An internationally renowned artist whose work has been on view at notable museums and biennials around the world, this exhibition marks his first major gallery exhibition in New York. Motta is a multi-disciplinary artist who creates installations, films, photographs and sculptures that take as their subject political and historical events, which Motta explores from unexpected angles, proposing new readings and counter-narratives. Interested in gender, sexuality, and the way minority communities are represented, Motta has developed a practice that mines the past to offer a critical re-reading of the present. The exhibition at P•P•O•W will feature three works that span the arc of Motta’s career from 1998-2015.
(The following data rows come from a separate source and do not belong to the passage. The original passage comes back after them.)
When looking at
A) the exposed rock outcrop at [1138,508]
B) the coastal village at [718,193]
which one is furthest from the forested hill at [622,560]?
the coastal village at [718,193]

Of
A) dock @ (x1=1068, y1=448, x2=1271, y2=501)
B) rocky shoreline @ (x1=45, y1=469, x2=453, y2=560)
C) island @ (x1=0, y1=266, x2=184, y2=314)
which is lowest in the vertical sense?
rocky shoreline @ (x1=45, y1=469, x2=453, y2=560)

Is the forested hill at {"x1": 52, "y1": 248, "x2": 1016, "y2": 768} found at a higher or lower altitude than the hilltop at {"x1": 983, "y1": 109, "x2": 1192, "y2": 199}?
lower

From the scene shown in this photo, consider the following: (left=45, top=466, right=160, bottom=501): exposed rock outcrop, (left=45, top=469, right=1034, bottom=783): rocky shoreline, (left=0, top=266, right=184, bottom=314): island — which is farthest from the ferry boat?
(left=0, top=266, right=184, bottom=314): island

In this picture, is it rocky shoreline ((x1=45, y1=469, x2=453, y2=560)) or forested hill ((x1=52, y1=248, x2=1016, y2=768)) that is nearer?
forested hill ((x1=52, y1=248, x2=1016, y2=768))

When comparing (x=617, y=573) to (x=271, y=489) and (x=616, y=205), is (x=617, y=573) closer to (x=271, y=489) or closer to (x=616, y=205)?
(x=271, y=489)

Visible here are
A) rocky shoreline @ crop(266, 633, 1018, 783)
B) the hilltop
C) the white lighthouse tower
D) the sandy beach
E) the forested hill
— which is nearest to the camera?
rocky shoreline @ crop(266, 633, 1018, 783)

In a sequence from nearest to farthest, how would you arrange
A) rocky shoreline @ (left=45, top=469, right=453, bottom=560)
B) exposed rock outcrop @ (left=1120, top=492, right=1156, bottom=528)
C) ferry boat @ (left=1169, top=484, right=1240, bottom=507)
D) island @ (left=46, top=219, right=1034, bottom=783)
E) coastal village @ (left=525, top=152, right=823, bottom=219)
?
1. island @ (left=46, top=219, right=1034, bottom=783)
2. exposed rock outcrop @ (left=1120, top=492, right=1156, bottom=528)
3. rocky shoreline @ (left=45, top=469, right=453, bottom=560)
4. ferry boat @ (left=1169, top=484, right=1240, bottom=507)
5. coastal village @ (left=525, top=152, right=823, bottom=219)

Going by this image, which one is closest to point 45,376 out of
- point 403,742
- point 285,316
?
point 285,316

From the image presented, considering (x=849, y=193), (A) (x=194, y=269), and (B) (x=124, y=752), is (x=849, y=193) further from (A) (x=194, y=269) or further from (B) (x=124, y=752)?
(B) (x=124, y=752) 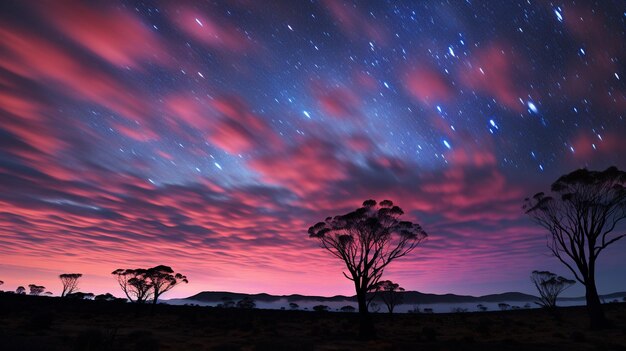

Among the works on view will be Motta’s 2015 film Deseos / رغبات (Desires), which features a trans-historical correspondence between two women – Martina, who lived in Colombia during the late colonial period of the early 19th century and was tried for being a ‘hermaphrodite,’ and Nour, a woman from Beirut during the late Ottoman Empire who marries her female lover’s brother in an attempt to save her love. The film poetically exposes the ways in which the categories of gender and sexuality were dutifully constructed by scientific, legal, and religious discourses. Deseos / رغبات was co-written by Motta and Lebanese anthropologist Maya Mikdashi and commissioned and produced by Council (France) and co-produced by Hordaland Kunstsenter (Norway), Museo de Arte Latinoamericano de Buenos Aires (Argentina), Röda Sten Konsthall (Sweden), Galeria Filomena Soares (Portugal), Mor.Charpentier Galerie (France) and with further support from Ashkal Alwan (Lebanon), DICRéAM (France) and the Göteborg International Biennal for Contemporary Art (Sweden).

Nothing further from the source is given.